Friday, November 2, 2007

The limitations of a dual reality sketch

A new picture of the relation between the so-called mental and physical realms of man's existence comes to mind after reading this article at the bbc website:
http://news.bbc.co.uk/2/hi/science/nature/7073807.stm
There is a creature called a colugo described as a 'furry kite' for the way it glides from tree to tree. Sounds like a flying squirrel to me, though it doesn't look like a flying squirrel, and the substance of the article is that this creature is man's nearest relative after primates. Anyway what a good picture of the reality of thoughts.
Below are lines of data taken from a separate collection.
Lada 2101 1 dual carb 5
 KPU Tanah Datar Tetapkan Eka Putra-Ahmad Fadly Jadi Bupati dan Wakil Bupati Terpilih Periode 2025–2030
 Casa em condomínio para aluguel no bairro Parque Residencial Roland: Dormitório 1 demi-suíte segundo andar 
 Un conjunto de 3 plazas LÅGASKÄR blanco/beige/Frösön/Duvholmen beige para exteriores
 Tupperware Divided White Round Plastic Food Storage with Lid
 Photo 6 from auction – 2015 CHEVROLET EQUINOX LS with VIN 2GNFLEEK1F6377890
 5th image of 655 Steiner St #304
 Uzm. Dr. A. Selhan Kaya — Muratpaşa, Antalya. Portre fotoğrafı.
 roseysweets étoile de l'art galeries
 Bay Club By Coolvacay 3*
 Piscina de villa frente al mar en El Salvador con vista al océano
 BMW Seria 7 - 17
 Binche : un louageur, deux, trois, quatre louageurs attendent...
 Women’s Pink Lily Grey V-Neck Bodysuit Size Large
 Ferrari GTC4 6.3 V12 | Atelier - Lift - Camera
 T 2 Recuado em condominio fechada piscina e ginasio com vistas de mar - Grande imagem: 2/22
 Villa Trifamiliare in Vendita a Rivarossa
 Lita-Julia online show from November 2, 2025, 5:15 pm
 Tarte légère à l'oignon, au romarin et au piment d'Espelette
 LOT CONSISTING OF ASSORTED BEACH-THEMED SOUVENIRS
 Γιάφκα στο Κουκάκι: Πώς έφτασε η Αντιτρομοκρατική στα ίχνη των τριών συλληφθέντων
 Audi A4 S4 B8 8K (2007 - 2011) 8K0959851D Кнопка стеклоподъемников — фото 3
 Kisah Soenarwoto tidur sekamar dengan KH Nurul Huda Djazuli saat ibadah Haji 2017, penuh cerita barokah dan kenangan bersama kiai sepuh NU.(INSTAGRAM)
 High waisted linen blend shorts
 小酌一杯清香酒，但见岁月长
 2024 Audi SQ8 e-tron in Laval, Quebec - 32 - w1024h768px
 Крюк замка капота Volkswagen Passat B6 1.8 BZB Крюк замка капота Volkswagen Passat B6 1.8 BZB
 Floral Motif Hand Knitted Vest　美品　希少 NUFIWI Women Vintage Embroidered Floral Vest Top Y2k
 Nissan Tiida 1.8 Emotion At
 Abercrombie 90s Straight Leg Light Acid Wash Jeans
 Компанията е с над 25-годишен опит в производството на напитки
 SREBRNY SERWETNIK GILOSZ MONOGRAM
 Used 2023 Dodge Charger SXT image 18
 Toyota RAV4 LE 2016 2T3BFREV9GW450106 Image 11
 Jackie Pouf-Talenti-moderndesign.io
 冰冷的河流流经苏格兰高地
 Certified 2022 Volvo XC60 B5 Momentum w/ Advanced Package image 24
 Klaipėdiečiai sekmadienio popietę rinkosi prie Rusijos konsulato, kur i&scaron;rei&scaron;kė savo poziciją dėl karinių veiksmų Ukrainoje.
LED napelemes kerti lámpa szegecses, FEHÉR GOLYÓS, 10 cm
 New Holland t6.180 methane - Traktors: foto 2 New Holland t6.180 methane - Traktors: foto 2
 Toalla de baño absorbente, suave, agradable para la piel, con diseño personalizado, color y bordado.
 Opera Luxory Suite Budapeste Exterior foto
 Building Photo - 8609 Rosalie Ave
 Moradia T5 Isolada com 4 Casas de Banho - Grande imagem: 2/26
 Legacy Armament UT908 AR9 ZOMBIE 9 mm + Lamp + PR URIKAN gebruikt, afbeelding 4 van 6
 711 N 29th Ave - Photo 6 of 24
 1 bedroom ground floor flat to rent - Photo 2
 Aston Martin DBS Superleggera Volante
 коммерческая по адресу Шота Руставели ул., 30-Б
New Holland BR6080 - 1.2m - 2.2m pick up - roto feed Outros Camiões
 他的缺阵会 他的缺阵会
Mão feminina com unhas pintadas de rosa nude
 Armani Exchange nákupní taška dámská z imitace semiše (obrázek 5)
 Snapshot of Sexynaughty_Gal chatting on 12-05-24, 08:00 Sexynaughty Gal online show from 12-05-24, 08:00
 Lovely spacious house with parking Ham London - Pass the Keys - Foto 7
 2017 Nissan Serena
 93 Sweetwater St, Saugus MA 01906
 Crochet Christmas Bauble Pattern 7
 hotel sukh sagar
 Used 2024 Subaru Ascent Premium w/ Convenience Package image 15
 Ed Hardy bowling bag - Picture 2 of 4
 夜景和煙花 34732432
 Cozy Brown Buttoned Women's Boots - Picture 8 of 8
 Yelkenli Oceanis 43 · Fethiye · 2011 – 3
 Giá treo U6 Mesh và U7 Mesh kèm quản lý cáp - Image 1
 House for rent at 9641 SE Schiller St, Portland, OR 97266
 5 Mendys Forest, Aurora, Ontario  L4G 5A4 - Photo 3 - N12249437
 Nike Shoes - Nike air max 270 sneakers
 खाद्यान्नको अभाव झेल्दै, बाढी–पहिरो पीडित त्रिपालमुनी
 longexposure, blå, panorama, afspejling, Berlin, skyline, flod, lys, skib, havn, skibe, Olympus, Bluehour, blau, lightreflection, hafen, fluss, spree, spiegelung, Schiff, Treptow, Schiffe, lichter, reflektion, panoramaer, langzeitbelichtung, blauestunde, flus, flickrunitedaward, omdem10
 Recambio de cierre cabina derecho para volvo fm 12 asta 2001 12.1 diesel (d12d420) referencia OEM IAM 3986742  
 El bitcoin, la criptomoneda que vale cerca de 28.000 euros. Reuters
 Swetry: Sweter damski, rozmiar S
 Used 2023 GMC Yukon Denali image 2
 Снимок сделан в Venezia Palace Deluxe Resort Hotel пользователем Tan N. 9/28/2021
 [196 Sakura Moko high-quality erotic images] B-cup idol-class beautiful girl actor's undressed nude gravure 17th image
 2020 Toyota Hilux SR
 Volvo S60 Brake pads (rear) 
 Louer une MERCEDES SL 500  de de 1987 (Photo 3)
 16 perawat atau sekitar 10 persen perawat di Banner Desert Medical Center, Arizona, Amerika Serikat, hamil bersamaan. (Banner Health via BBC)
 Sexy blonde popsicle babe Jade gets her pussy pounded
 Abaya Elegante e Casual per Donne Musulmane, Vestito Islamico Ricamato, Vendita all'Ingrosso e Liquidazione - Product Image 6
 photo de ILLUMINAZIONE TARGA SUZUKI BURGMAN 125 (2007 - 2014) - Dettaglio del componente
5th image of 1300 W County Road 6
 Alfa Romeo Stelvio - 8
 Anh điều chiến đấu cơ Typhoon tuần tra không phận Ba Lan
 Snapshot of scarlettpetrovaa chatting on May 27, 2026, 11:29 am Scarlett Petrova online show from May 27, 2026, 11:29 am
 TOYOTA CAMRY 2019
Thoughts are better described as "gliding," if we picture the ordinary conception of thought as "flying" in polar opposition to the physical, gravity-bound earthly world. In my picture of the relation of thought and physical reality, the ordinary view is of thought as something not gravity bound. The colugol points to a picture of something gliding, that is, it could appear to be flying, but, really, the motion is gravity bound, the motion is falling, and so the motion of the colugol, and I would argue, human ordinary mentation, is physical, gravity defined like all matter, despite the opinion of most. A limited metaphor perhaps but already I like the idea of an new adjective: colugolic. "Colugolic" is something made of the same substance as that composing that which it is supposedly the opposite of; an only apparent opposition.